━━━ Entries supplied

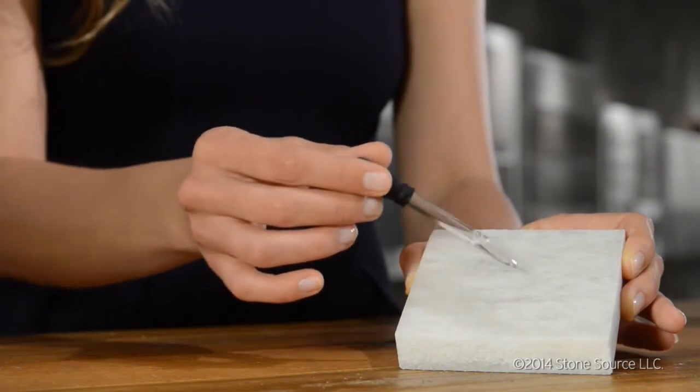Now this is quartzite. Note that there's no acidic reaction at all.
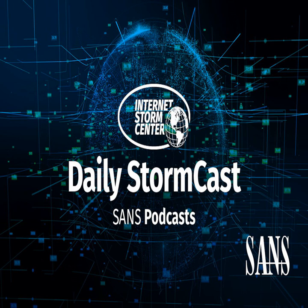Hello, welcome to the Monday, January 4th, 2021 edition of the SANS Internet Storm Center's Stormcast. My name is Johannes Ulrich, and today I'm recording from Jacksonville, Florida.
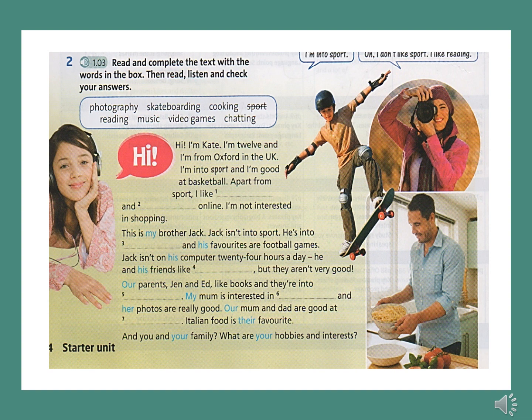This is my brother Jack. Jack isn't into sport — he's into video games, and his favourites are football games. Jack isn't on his computer 24 hours a day. He and his friends like skateboarding, but they aren't very good.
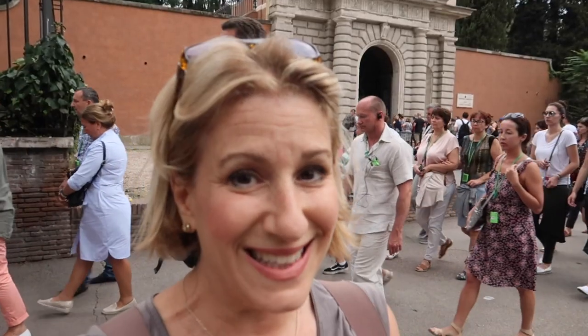Buongiorno! It's Alyssa from Romewise, your go-to guide to Rome, and today we are going to visit the Palatine Hill, the Roman Forum, and the Colosseum with a really fabulous ticket called SUPER. This stands for seven unique places to experience in Rome.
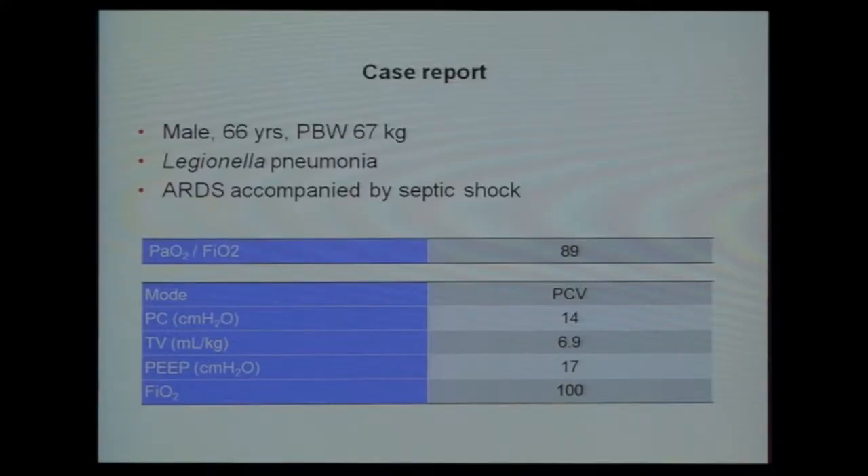I would like to set the stage with a short case report. I won't go into much detail, but it was a six-year-old male who was admitted with Legionella pneumonia accompanied by RDS, a septic shock, very low PF ratio, and uncontrolled mechanical ventilation. This was the chest X-ray.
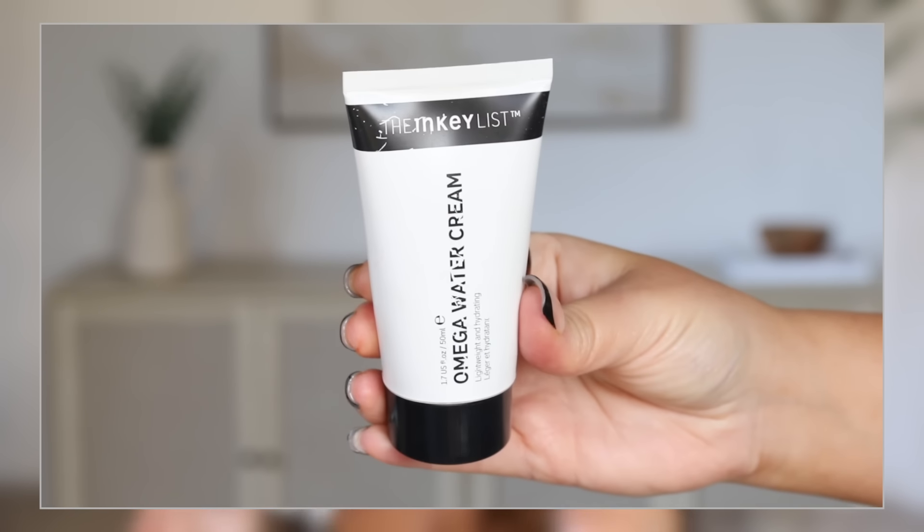I believe the Inkey List will be on sale. I've seen sponsorships talking about the Sephora sale for Inkey List. Inkey List is already really affordable, and I was going to recommend the Omega Water Cream, which I've been using as my moisturizer prior to makeup — I've fallen in love with it. It's like the Tatcha Water Cream but affordable and just as good. They have a duo pack of this and their Caffeine Eye Cream on Sephora, which is a great value. I'll link that set in the description.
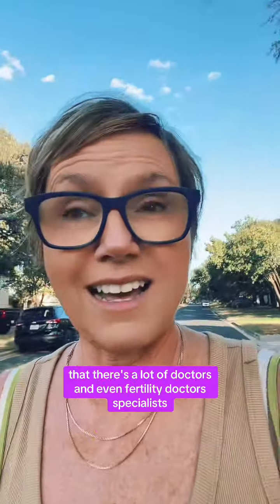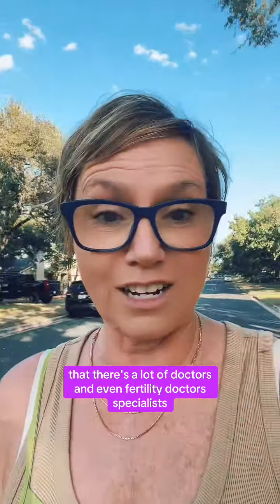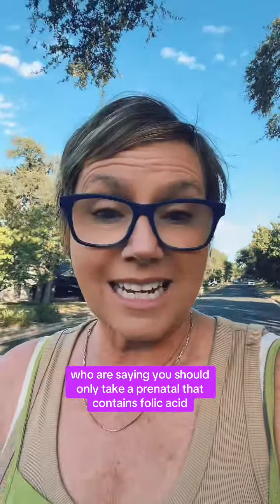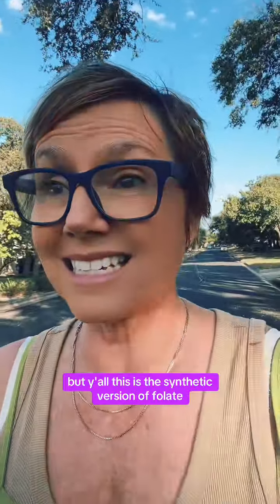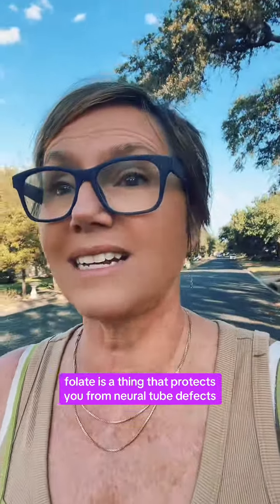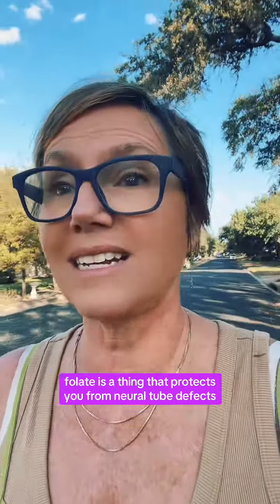I personally would have manufactured one and created one if it did, but more importantly, what I want you to look at is the type of folate that your prenatal is using. There are a lot of doctors — even fertility specialists — who say you should only take a prenatal that contains folic acid, but this is the synthetic version of folate.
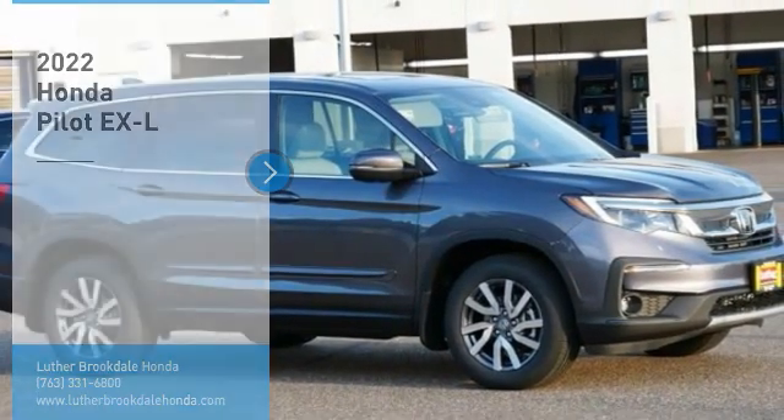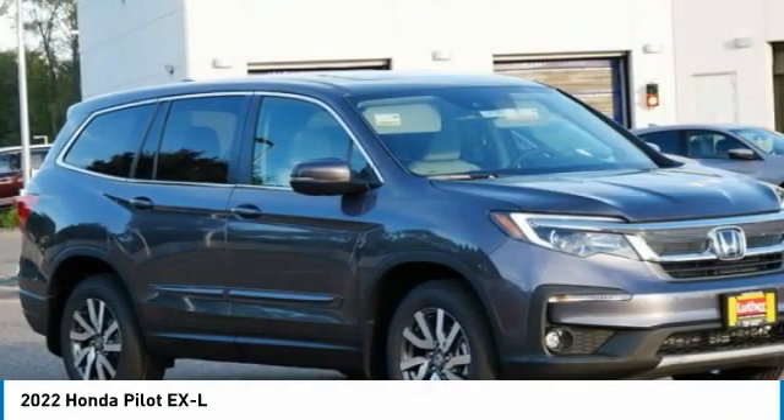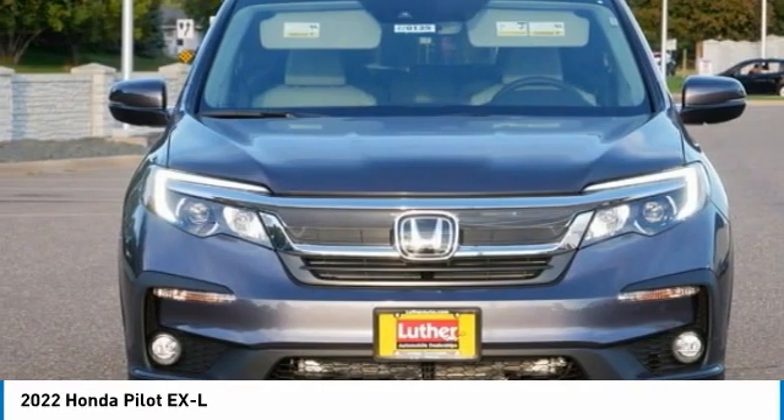You are going to love the 2022 Pilot — optimal utility, indulgent interior, powerful performer. You'll be ready for almost anything in the Honda Pilot.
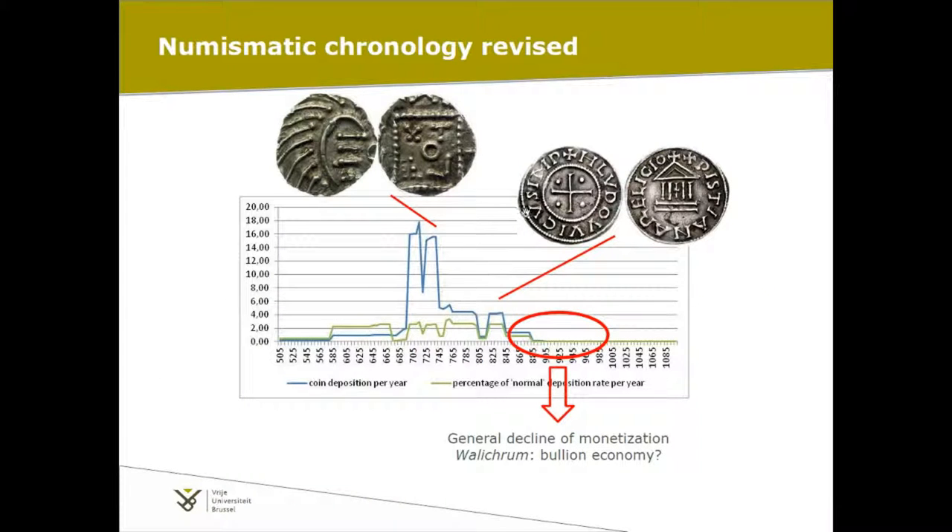If we do the same with the coins — the blue line — the peak is maintained. These are the coins placed on the graph based on individual dating per type. If we then normalize this using the NUMIS database, which contains a very representative sample of coin finds in the Netherlands, then firstly the 7th century and late 6th century emerge as a very important period — just as important, basically, as the period where we previously had the peak in the 8th century. So really, we need to take this period into consideration. This is where it began — not the 8th century, but the 7th.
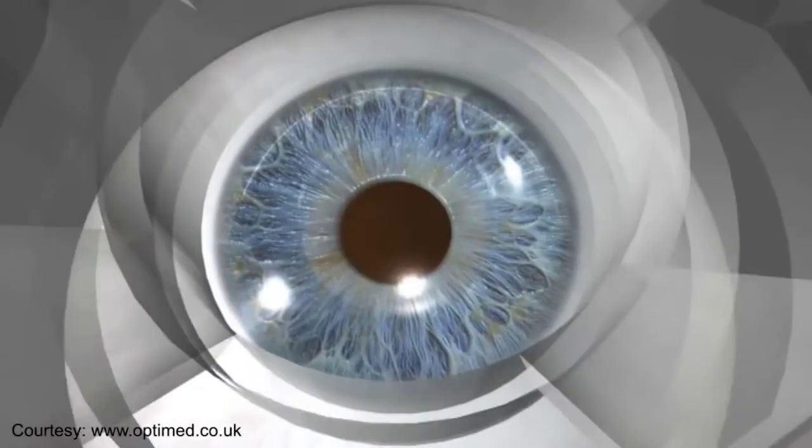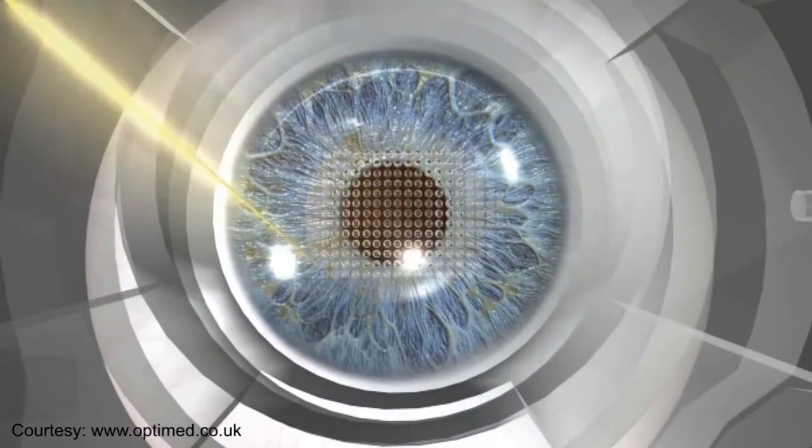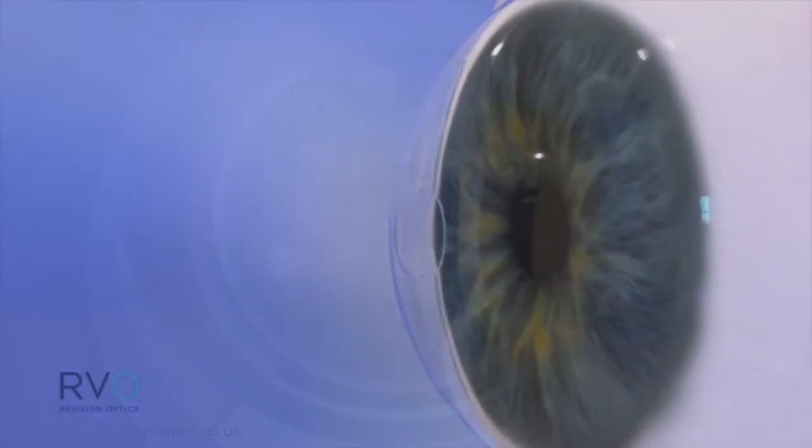Kamra works by the pinhole effect, like an F-stop in a camera — when you shrink the hole, you can actually read things up close. The Raindrop and Presbia work by changing the curvature of the cornea.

━━━━━━

__Assignment__. Please leave out the pictures as you reproduce the lines exactly, from the first line of the entries through the line containing "You are going".

__Problem solution__.
Now this is quartzite. Note that there's no acidic reaction at all.
Hello, welcome to the Monday, January 4th, 2021 edition of the SANS Internet Storm Center's Stormcast. My name is Johannes Ulrich, and today I'm recording from Jacksonville, Florida.
This is my brother Jack. Jack isn't into sport — he's into video games, and his favourites are football games. Jack isn't on his computer 24 hours a day. He and his friends like skateboarding, but they aren't very good.
Buongiorno! It's Alyssa from Romewise, your go-to guide to Rome, and today we are going to visit the Palatine Hill, the Roman Forum, and the Colosseum with a really fabulous ticket called SUPER. This stands for seven unique places to experience in Rome.
I would like to set the stage with a short case report. I won't go into much detail, but it was a six-year-old male who was admitted with Legionella pneumonia accompanied by RDS, a septic shock, very low PF ratio, and uncontrolled mechanical ventilation. This was the chest X-ray.
I believe the Inkey List will be on sale. I've seen sponsorships talking about the Sephora sale for Inkey List. Inkey List is already really affordable, and I was going to recommend the Omega Water Cream, which I've been using as my moisturizer prior to makeup — I've fallen in love with it. It's like the Tatcha Water Cream but affordable and just as good. They have a duo pack of this and their Caffeine Eye Cream on Sephora, which is a great value. I'll link that set in the description.
I personally would have manufactured one and created one if it did, but more importantly, what I want you to look at is the type of folate that your prenatal is using. There are a lot of doctors — even fertility specialists — who say you should only take a prenatal that contains folic acid, but this is the synthetic version of folate.
You are going to love the 2022 Pilot — optimal utility, indulgent interior, powerful performer. You'll be ready for almost anything in the Honda Pilot.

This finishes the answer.